E então, a Doutora Maya é fantástica, ela te faz rir. Há uma passagem no livro sobre uma história de terror relatada pelo vizinho. Durante as lamurias de assombração, a sua avó pede para a pequena ir buscar algo em outro cômodo, e você consegue pensar, no auge dos relatos todo aquele suspense e medo mesmo e a brava garota tendo que enfrentar o tal deslocamento? “A viagem até a cozinha e de volta não pode ter levado mais de dois minutos, porém nesse período eu percorri cemitérios pantanosos, passei por cima de pedras tumulares empoeiradas e esquivei-me de ninhadas de filhotes de gatos pretos como a noite.” (p. 156).
E também te faz sentir corajosa. A brava Maya dirigiu um carro do México para os Estados Unidos, sem saber dirigir, ademais, com trajetos de montanha abaixo. Não é para qualquer um. Não que seja incentivado dirigir sem carteira, por favor, se atentando que a situação de Maya foi há muito tempo, mas pelo ímpeto mesmo, pela bravura, coragem.
E para enaltecer ainda mais essa mulher extraordinária, Maya Angelou foi a primeira preta a se tornar roteirista e diretora em Hollywood. Uma artista polivalente, fez teatro, cinema, televisão, dança. Autora de livros de memórias e assessora de presidentes, brandiu a poesia como arma de luta. Maya Angelou foi uma gênia, ativista, poeta e mulher revolucionária.

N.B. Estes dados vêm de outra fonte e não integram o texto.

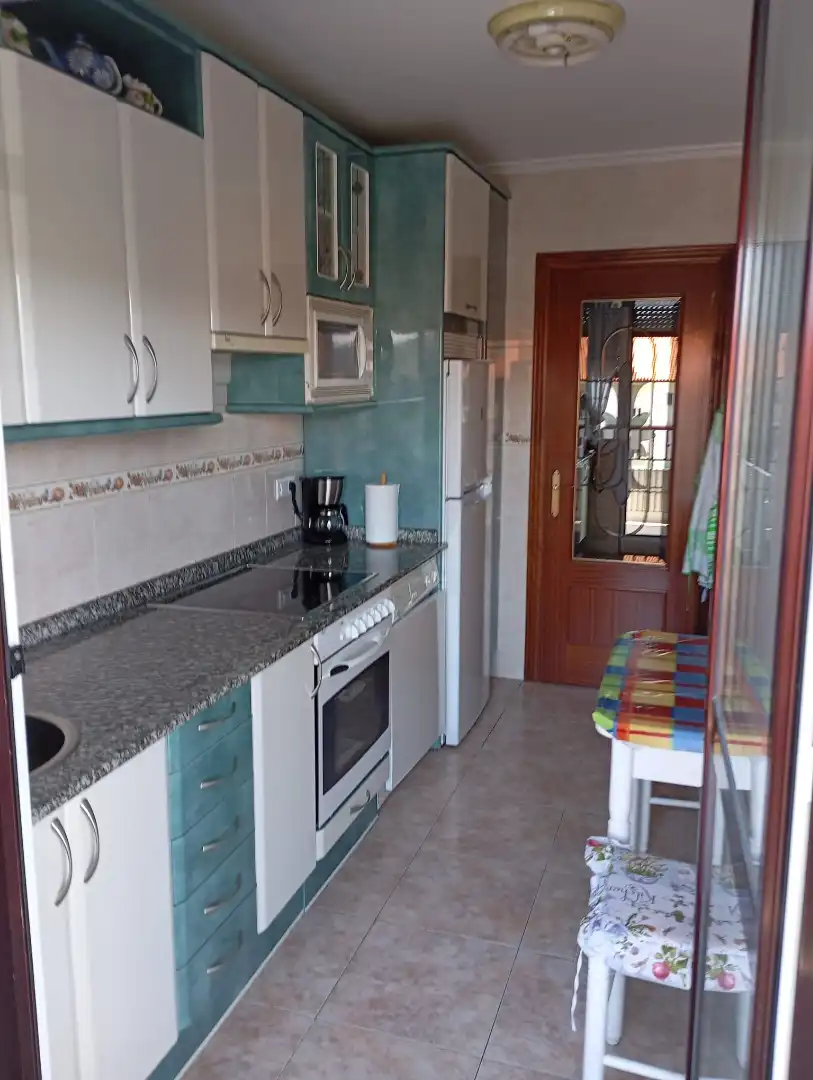 Cocina de Piso en venta en Meruelo con Calefacción, Terraza y Amueblado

A referência de Angelou para o título do livro baseou-se no poema “Sympathy”, de Paul Laurence Dunbar. A metáfora do pássaro engaiolado que cantana gaiola porque está com medo, de pássaros que “cantam sobre a liberdade” por detrás de “grades de raiva”. Ademais, a proposta oferecida pelo livro da Doutora Maya Angelou não se trata apenas de superação, propõe, acima de tudo, uma redefinição dos nossos conceitos aceitando as marcas que a vida nos deixou, usando-as para compor o futuro de forma cônscia.
Maya Angelou faleceu em 28 de maio de 2014. Tinha 86 anos, e mesmo com estado de saúde frágil, que a obrigara a cancelar aparições públicas, ela nunca parou. Na referida data ela estava trabalhando em um novo livro sobre suas experiências com líderes nacionais e mundiais.

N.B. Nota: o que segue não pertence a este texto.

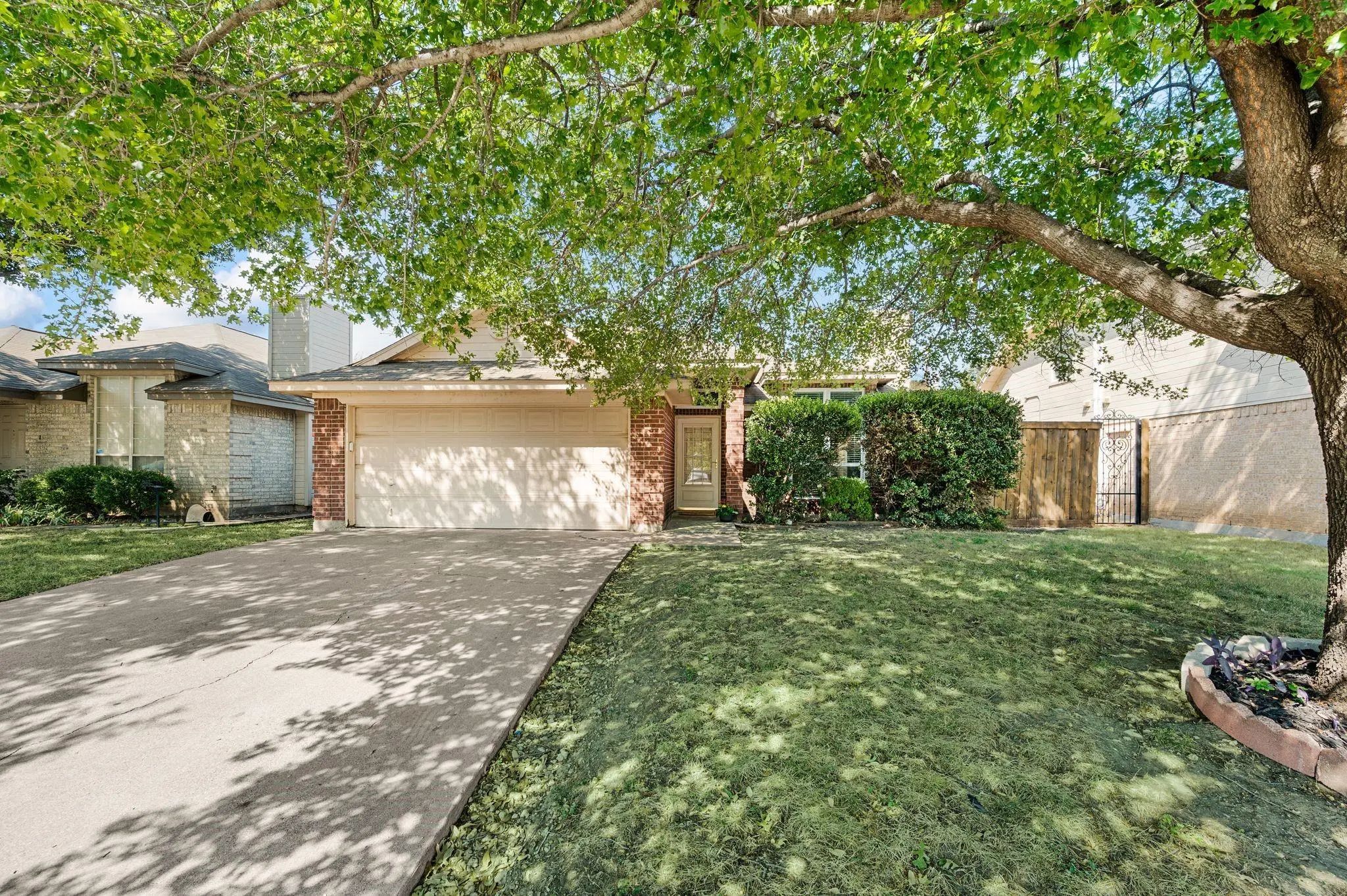Photo of Listing #21382466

Por fim, nas minhas pesquisas sobre a vida de Maya Angelou encontrei um poema belíssimo, publicado em 1978, “Still I Rise” (Ainda assim eu me levanto). É considerado um dos poemas mais influentes, inspirando diversas pessoas. Um verdadeiro hino à resiliência e à dignidade.
"Ainda assim eu me levanto
Você pode me riscar da História
Com mentiras lançadas ao ar.
Pode me jogar contra o chão de terra,
Mas ainda assim, como a poeira, eu vou me levantar.
Minha presença o incomoda?
Por que meu brilho o intimida?
Porque eu caminho como quem possui
Riquezas dignas do grego Midas.
Como a lua e como o sol no céu,
Com a certeza da onda no mar,
Como a esperança emergindo na desgraça,
Assim eu vou me levantar.
Você não queria me ver quebrada?
Cabeça curvada e olhos para o chão?
Ombros caídos como as lágrimas,
Minh’alma enfraquecida pela solidão?
Meu orgulho o ofende?
Tenho certeza que sim
Porque eu rio como quem possui
Ouros escondidos em mim.
Pode me atirar palavras afiadas,
Dilacerar-me com seu olhar,
Você pode me matar em nome do ódio,
Mas ainda assim, como o ar, eu vou me levantar.
Minha sensualidade incomoda?
Será que você se pergunta
Por que eu danço como se tivesse
Um diamante onde as coxas se juntam?
Da favela, da humilhação imposta pela cor
Eu me levanto
De um passado enraizado na dor
Eu me levanto
Sou um oceano negro, profundo na fé,
Crescendo e expandindo-se como a maré.
Deixando para trás noites de terror e atrocidade
Eu me levanto
Em direção a um novo dia de intensa claridade
Eu me levanto
Trazendo comigo o dom de meus antepassados,
Eu carrego o sonho e a esperança do homem escravizado.
E assim, eu me levanto
Eu me levanto
Eu me levanto.".
Angelou, Maya. Eu sei por que o pássaro canta na gaiola; tradução Paula Rosas – Rio de Janeiro: José Olympio, 1996.